What is known about NATO's newest China-intelligence chief
The American-German Politico journal has presented what is known about NATO's newest intelligence Chief, Scott Bray, who is an expert on China. Caliber.Az reprints this article.
"NATO is about to get a new intelligence chief who is ready to bring decades of experience collecting data on China.
The person tapped to lead the alliance’s intel analysis is Scott Bray, currently the acting director of Naval Intelligence at the Pentagon. That’s according to a Wednesday post by the official he’ll be taking over from, and confirmed Thursday to NSD by NATO.
'Scott Bray is a highly-respected leader in the intelligence community, with a wealth of experience across major files of importance to NATO', the alliance said in an emailed statement. 'We look forward to welcoming him as Assistant Secretary-General for Intelligence and Security later this year.'
Bray has carved out a long career focused almost entirely on Beijing — even spending a year in the US Embassy working with the military attache in the Chinese capital in 2007-08.
With a war raging in Ukraine that has occasionally seen air defense missiles and Russian drones fall into NATO territory, why pick a China and East Asia hand to run the alliance’s intel shop in Brussels?
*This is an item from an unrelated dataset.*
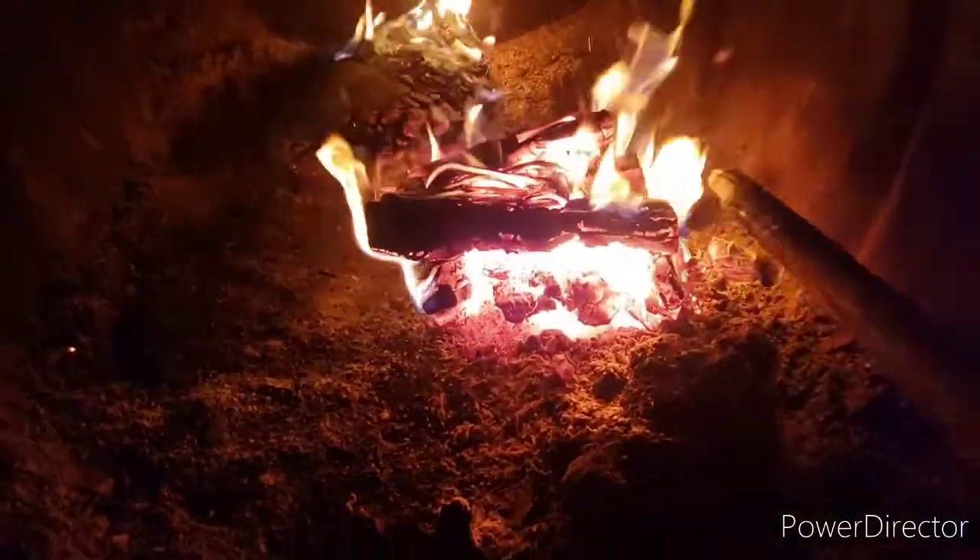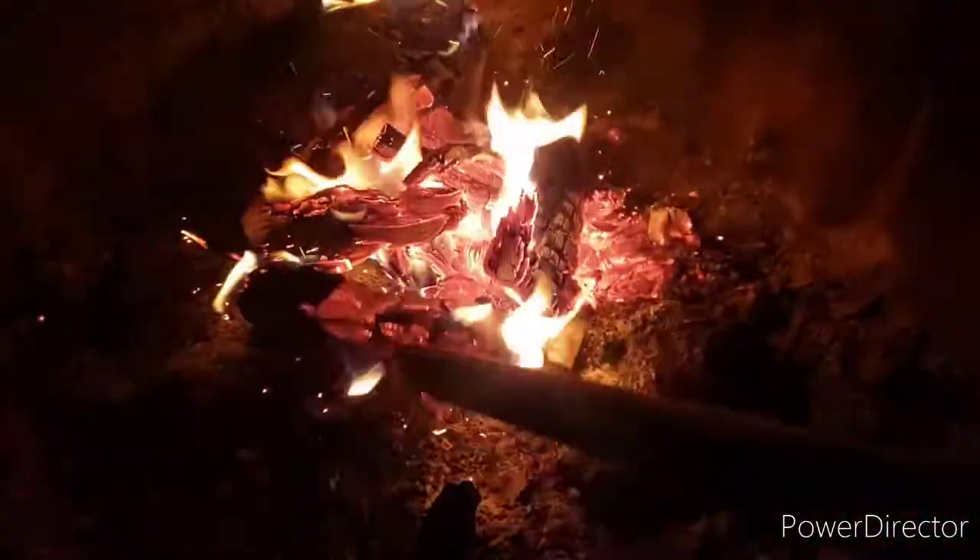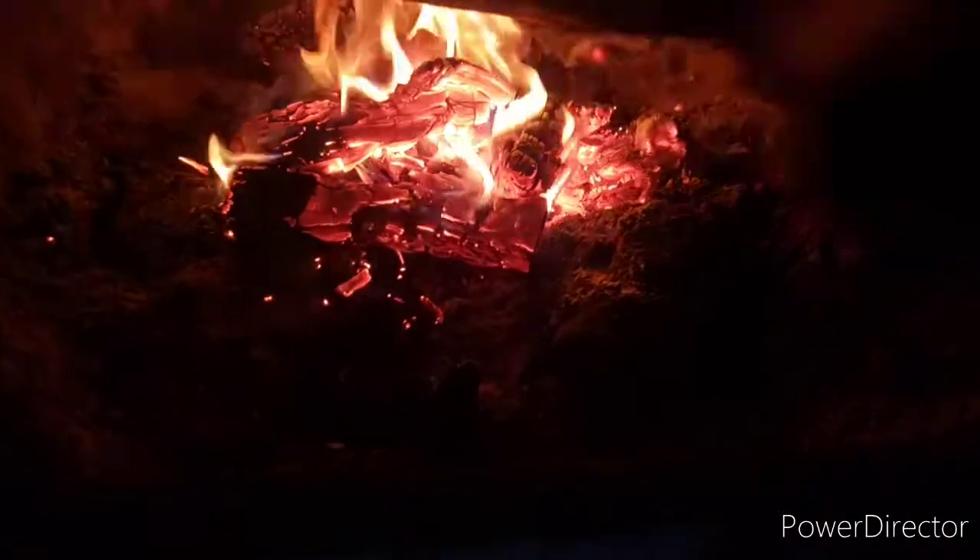Now that we have a nice pile of coals going, we're going to move them to the center and put two logs around them for the grate.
There are a couple reasons, ranging from Washington’s traditional lock on the intel job to NATO’s pre-Russian invasion push to keep a closer eye on what is happening in the Indo-Pacific and concern over China’s breakneck military modernization efforts.
Let’s get into some background first.
The intel position at NATO is generally an American job, partly because 'we’re the ones that have most of the intel assets', said Jim Townsend, who spent years working on NATO and European security issues at the Pentagon and NATO HQ.
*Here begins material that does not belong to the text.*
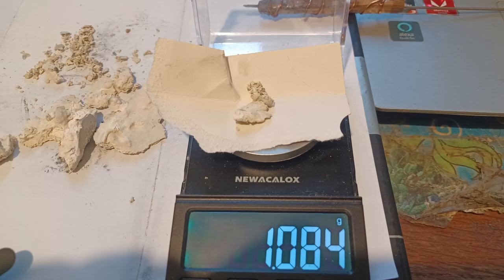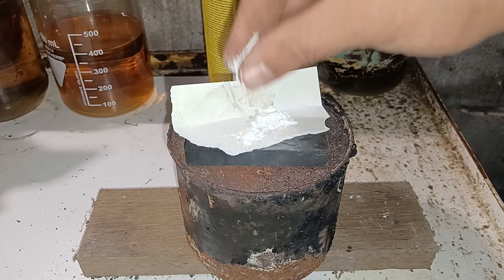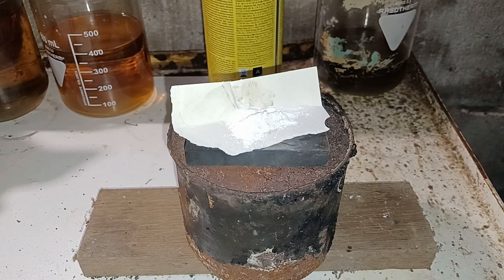The third and last thermochemical method I tested was a reaction between silver chloride and sodium carbonate. I simply mixed the two, transferred them onto a graphite mold, and blasted them with a MAP gas torch.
'It’s hard enough to get intel from the US, even on a good day, so if you have an American who’s running that intel shop, who is from the US intelligence community', American intelligence offices 'feel a little more comfortable giving information to an American at NATO', added Townsend, who’s now an adjunct senior fellow at the Center for a New American Security.
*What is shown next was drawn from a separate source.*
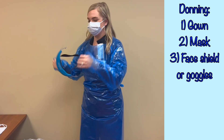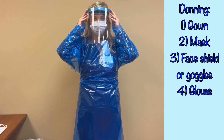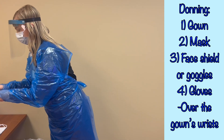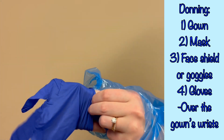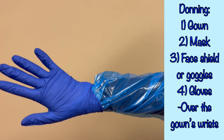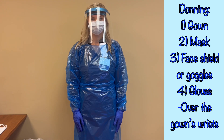Thirdly, put on the goggles or face shield. And finally, apply the gloves. The gloves should extend over the wrist of the gown. With this disposable gown, this is easily achieved if you have your thumbs in the thumb holes, as seen here. But regardless of what type of gown you are wearing, the wrist of the gown should be underneath or inside of the cuff of the glove. Donning in this method ensures you are adequately protected while caring for the patient.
There’s also the more obvious reason that China’s influence, both military and economic, is unavoidable, whether you’re sitting in Vancouver or Vilnius.
While he’s got two decades focused intently on China, Bray has also been the deputy director of Naval Intelligence since 2000, giving him a more global focus.
That double punch might be attractive to NATO chief Jens Stoltenberg, who has long said he wants to expand the alliance’s view beyond Europe. The desire was obvious in the China-centric reports that came out of the alliance prior to Russia’s full-scale invasion of Ukraine in February 2022. 'They’re trying to kind of maintain that focus which got derailed by Russia, but I still think they want to have that element' in their wider policy discussions, said Bryan Clark, a retired Navy officer who worked with Bray at the Pentagon.
Bray will most likely take over in November from David Cattler, a Naval Academy grad and retired Navy officer who also worked in the Office of the Director of National Intelligence and at the White House’s National Security Council. While Cattler also held Indo-Pacific focused jobs before heading to Brussels, his career wasn’t as focused on the region as Bray’s.
Bray will actually be the second China hand the Biden administration has sent to Brussels.
In November 2021, Biden also sent David Helvey, a longtime DOD official who spent years working Asian security and defense issues to NATO to act as the deputy defense advisor to US representative to NATO Ambassador Julianne Smith.
The appointment of Bray has raised some questions over the alliance’s focus on the war in its own backyard, however.
'Everyone’s acknowledged by now that NATO is not going to play a big role in a China contingency', Townsend said.
'This isn’t the Biden transition where you’re being clever by sending a China hand to NATO headquarters. Now we’ve got a big, long war going on in Europe, and we’re still sending China people there?"